When cellular data is disabled (assuming it really is, not just faked to the user), then the corresponding radio bearers for user plane data habe not been established, thus no data-stream can travel with it. You can only communicate with the eNb and MME in this stage, and even this isn’t exposed directly to the OS but embedded in the Chipset.
My assumption has always been that a clean phone in airplane mode but with WiFi enabled would not use the cellular radios at all. In that mode would a cell tower still be in communication with the phone at some level?

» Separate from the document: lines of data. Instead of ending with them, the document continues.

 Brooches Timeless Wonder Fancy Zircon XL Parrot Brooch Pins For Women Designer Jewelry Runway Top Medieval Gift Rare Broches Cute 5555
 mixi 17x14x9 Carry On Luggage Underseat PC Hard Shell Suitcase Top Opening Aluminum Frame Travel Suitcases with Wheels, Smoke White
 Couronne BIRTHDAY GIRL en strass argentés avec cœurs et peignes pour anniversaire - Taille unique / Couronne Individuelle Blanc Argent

Not directly, as the flight mode really prevents any radio communication (it takes a bit to shut down as it sends a NAS Detach Request first and waits for a reply for a few seconds).
However, there is also WiFi Calling - in that sense, your phone establishes some connection with the cell network. However, I don‘t think any user data may travel on this bearer, but there might be some edge case where this is possible.
Certain BYOD email suites use https encapsulation of another protocol (also using TLS) to ensure that the data can go through firewalls that do MITM attacks on clients for security reasons. Bluecoat do this for example.
I believe they also certificate pin the tunneled protocol.
Well not easily, because once the outer TLS has been set up, you can‘t see the contents of the second TLS handshake. You could maybe deduce it via packet sizes and timings, but certainly not pretty easily.
Some info only goes cellular, the only way to capture that is using a hotspot which simulates the normal network.
The real sneaky spyware I found only goes over cellular and hides itself by using double encrypted SSL traffic to AWS endpoints.